**Work request:** Within the records that follow, restate exactly the lines from the line with "Vlastný gol Cristiana Ronalda" down to the line with "Filtro Canister Eheim", including both. Omit the pictures.
--- Data to process Enclosed Below ---
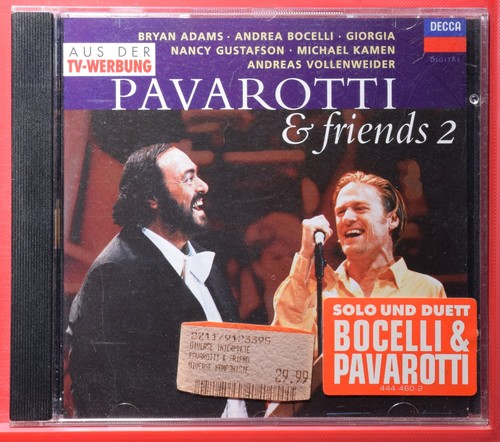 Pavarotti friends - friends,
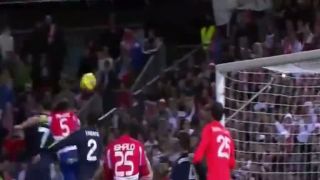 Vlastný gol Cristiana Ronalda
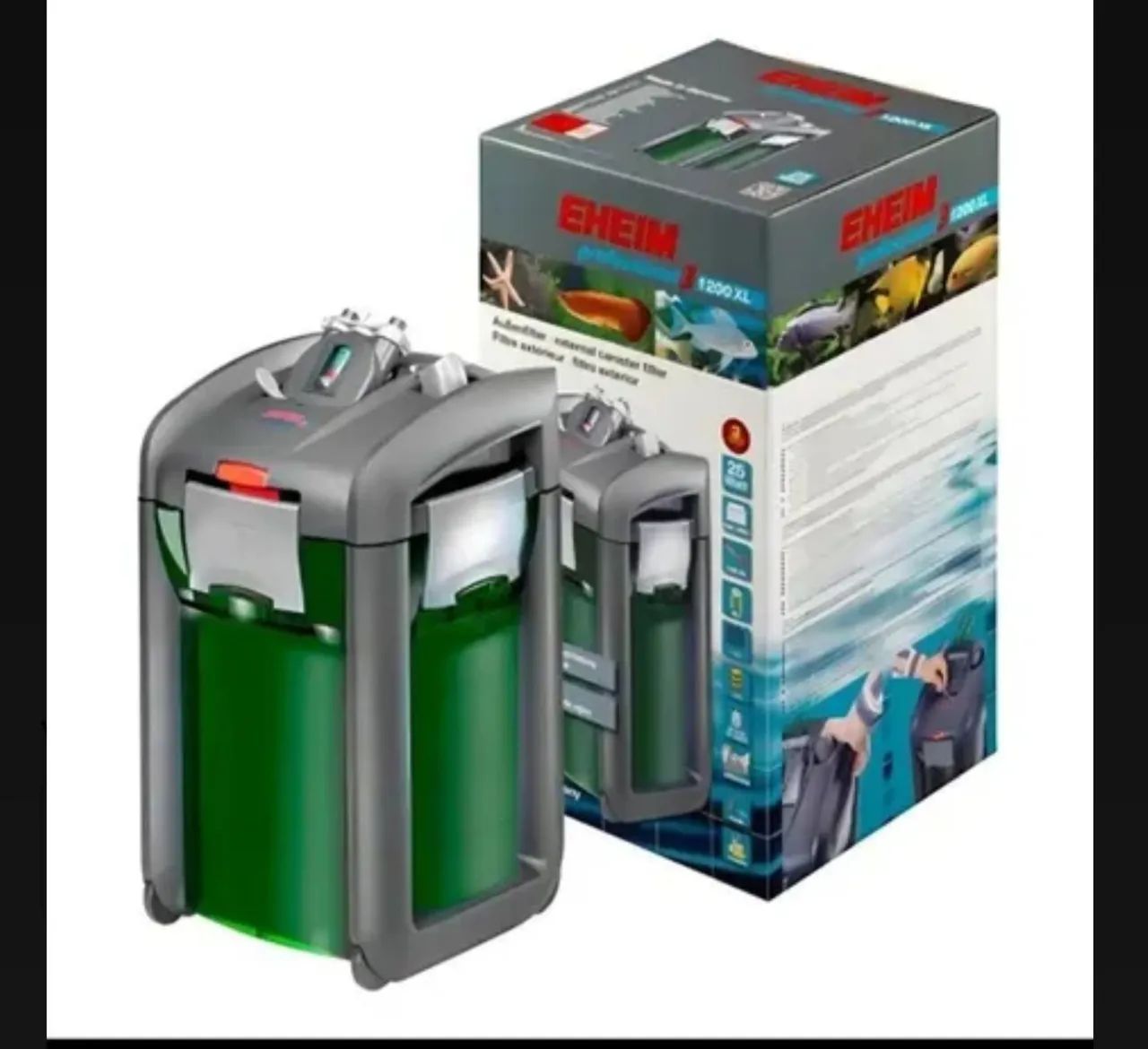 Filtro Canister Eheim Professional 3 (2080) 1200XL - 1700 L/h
--- End of Enclosed Data to process ---
--- Data to process Enclosed Below ---
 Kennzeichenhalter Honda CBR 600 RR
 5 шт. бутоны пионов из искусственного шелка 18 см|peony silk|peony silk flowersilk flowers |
--- End of Enclosed Data to process ---
--- Data to process Enclosed Below ---
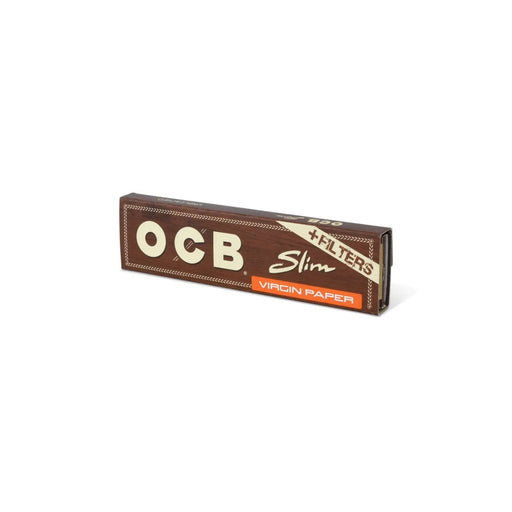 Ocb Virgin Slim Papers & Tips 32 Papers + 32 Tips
--- End of Enclosed Data to process ---
**Solution:**
 Vlastný gol Cristiana Ronalda
 Filtro Canister Eheim Professional 3 (2080) 1200XL - 1700 L/h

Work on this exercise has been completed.